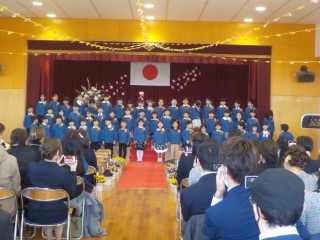 写真:修了証書授与式
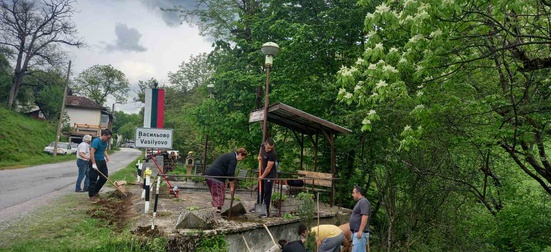 Дари материали за освежаването на чешма "Кирияшки дол" в село Васильово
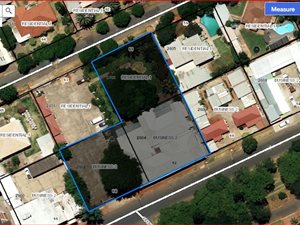 2000 m² Commercial space in Brenthurst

□ □ □

| Exercise |
The listing above is to be set down word for word, without its images.

| Your response |
 写真:修了証書授与式
 Дари материали за освежаването на чешма "Кирияшки дол" в село Васильово
 2000 m² Commercial space in Brenthurst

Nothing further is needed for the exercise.